Monday, May 6, 2013

Monday in Faro

Faro's Walled City
 When we flew to Portugal, Faro was where we landed, but we were picked up by a taxi arranged by Colin & Suzanne, and he was an efficient driver, but not exactly a tour guide, and his english was not really even good enough to ask simple questions. We therefore zoomed through Faro without seeing much. We were also too tired to really pay attention to much.

Today we went back to Faro on the train to actually have a look at the city.

Faro is the major transport hub on the Algarve. It has a rail hub where Linda and Pete arrive from Lisbon, and the airport in Faro has a constant stream of planes arriving from all over Europe. From the apartment, we see planes all day flying into Faro bringing people to the Algarve to enjoy a Portuguese holiday.



The train only takes about 20 minutes to go from Olhao to Faro, so it is a simple trip. Although the train station is bit out of way, the walk to the centre of Faro is a pleasant one along the waterfront through to the old city centre, and it is easy to find your way to the major attractions in Faro.


Do not however expect to find a Tourist Information Centre if you go on Monday like we did – it is not open. At least we were able to find the place following the signs, but as has been our general experience, we were not able to actually get any information.

Beautiful Pipe Organ filling Cathedral with sound
There is a walled fortress which the old city seems to revolve around, but it is not really an attraction. It seems that the actual city has taken over the fortress. You can see the walls from the outside, but if you enter through one of the gates, you find yourself just in the inner city with restaurants, shops, art galleries and a beautiful cathedral, but no actual fort or castle. This may actually have been a walled city rather than a military fortress, which would make sense. We might have been able to find out if we could have visited the Information centre. . . . . .

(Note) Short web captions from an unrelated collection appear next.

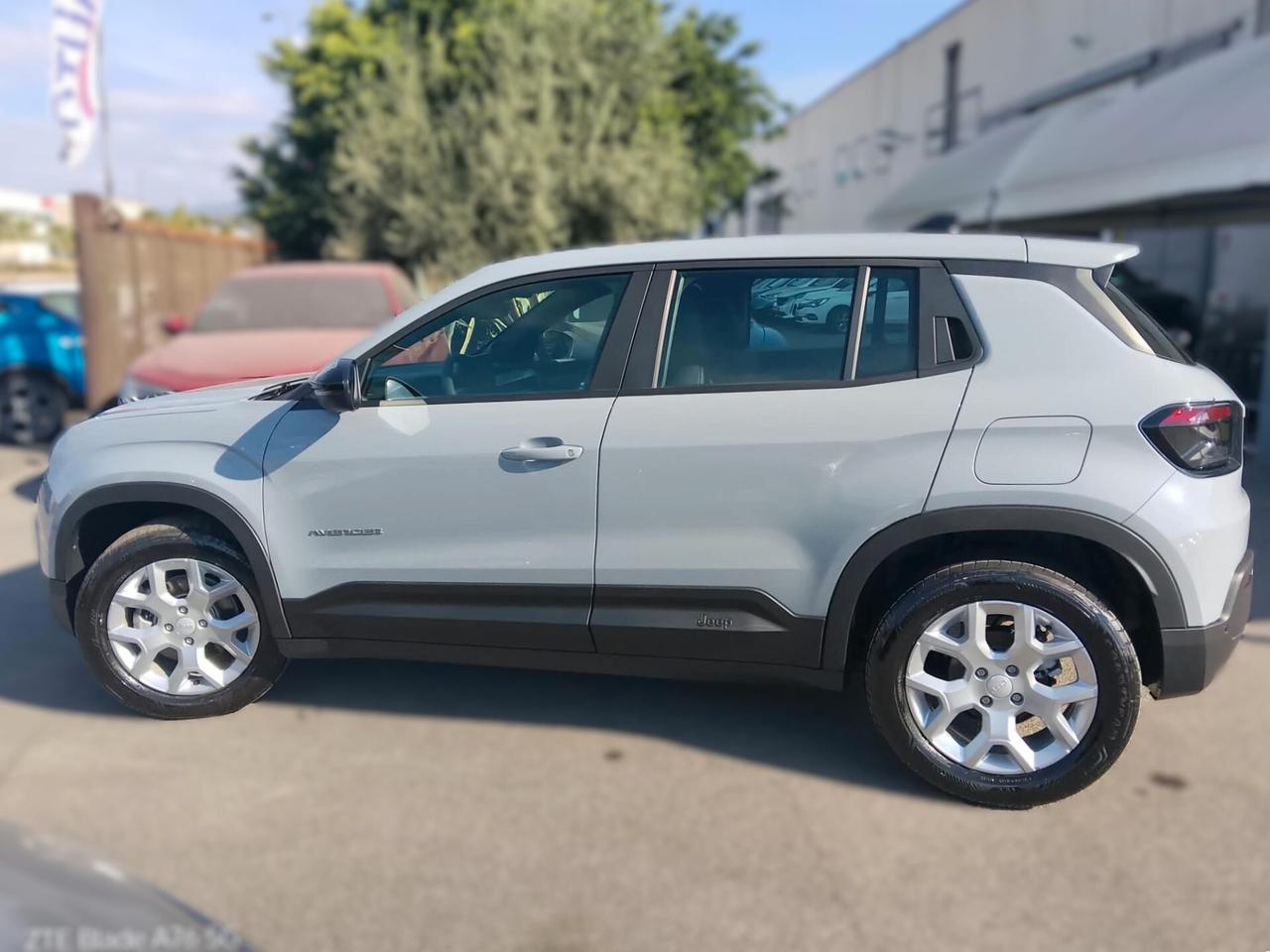 Jeep Avenger 1.2 MHEV 110CV ALTITUDE MY25 - KM 0
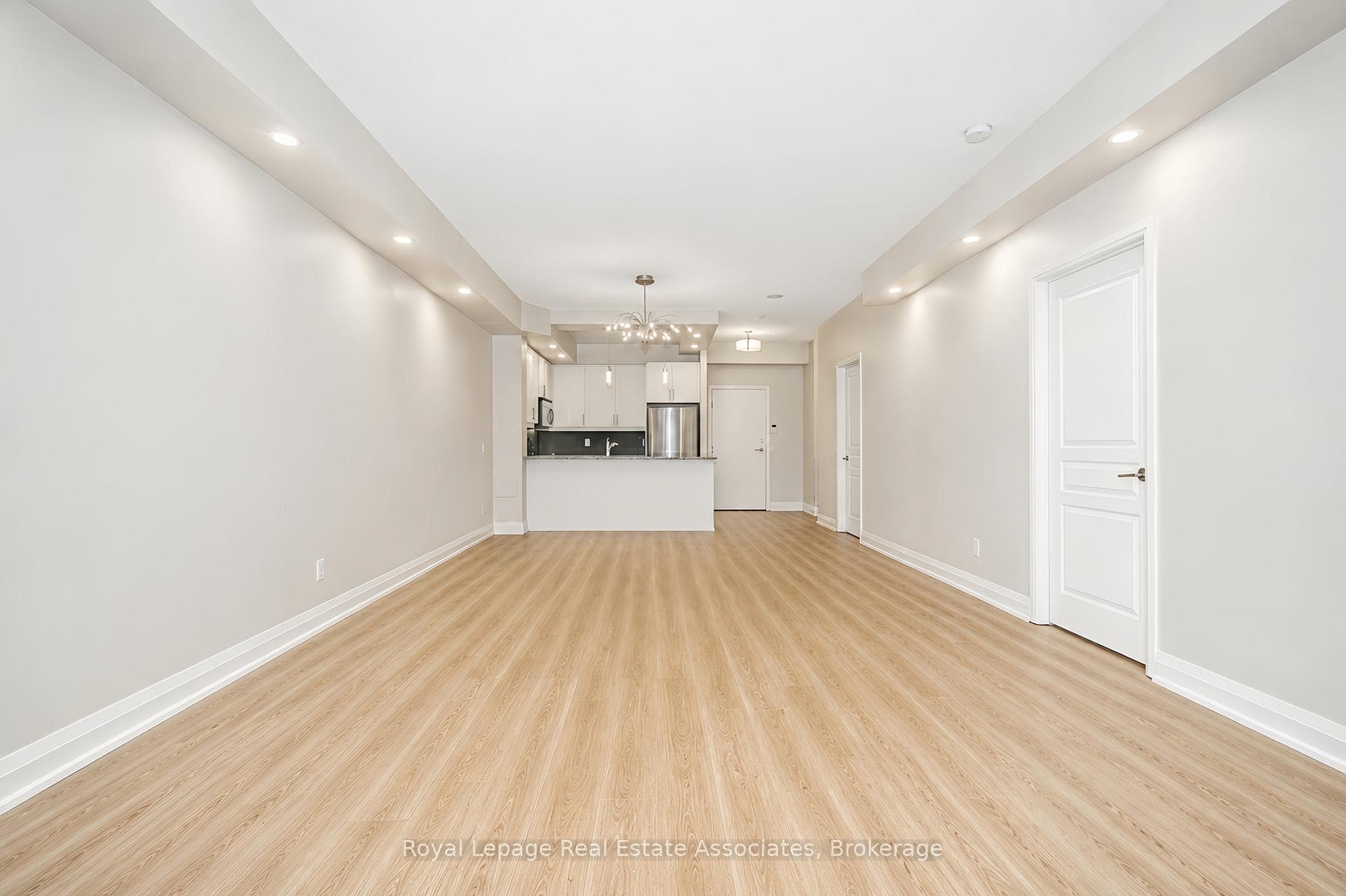 1 Hurontario Street Unit 308 - Condo photo 8 of 35 in Mississauga, Ontario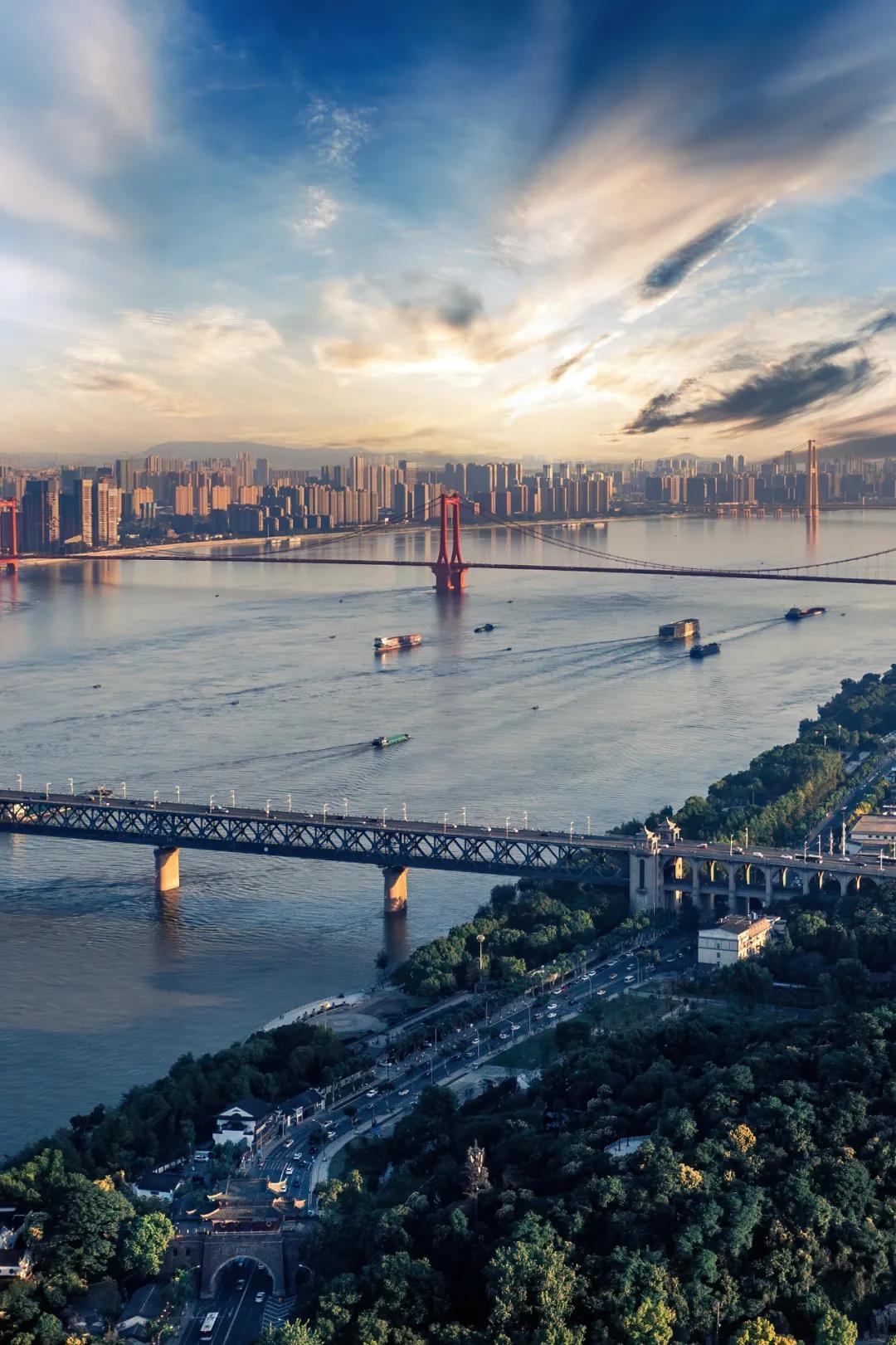 九州通衢冲上云霄去星辰大海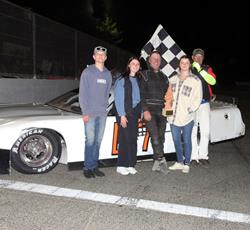 Peterson’s Late Pass Earns Late Model Victory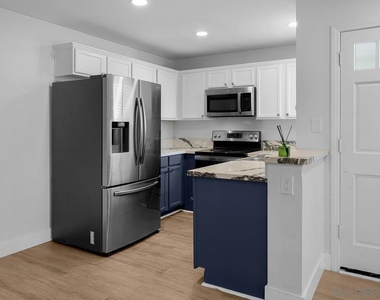 3560 Sunset Lane - Photo Thumbnail 6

The visit to the Cathedral was nice. You could climb the bell tower for a view over the city, and we were told by another tourist couple there that you could have pressed a button to actually ring the bells but I had my doubts since the church bells tell the time in Olhao. I could imagine the poor citizens of Faro being constantly confused about what time it was. “Is it two o'clock, the bells chimed twice? Oh no, it's just those damned tourists ringing the cathedral bells again . . . .” we could visit the main cathedral , the gardens and the museum. The highlight was the actual church, because there was a beautiful old pipe organ, and someone was actually playing it. The museum was a bit disappointing, and I hope that some of our 3 E entry fee might be used to restore the paintings in the museum with holes in them – they could use some work.
The Bell Tower

Following our tour of the cathedral, we wandered down through the old city to find a place to stop for lunch. Here we discovered another advantage to living in Olhao. Food was generally at least 20% higher here than back in Olhao. For example the Cataplana Regis has wanted to try was 45 E compared to 29 E in Olhao. We decided to stick with the “Menu of the Day”.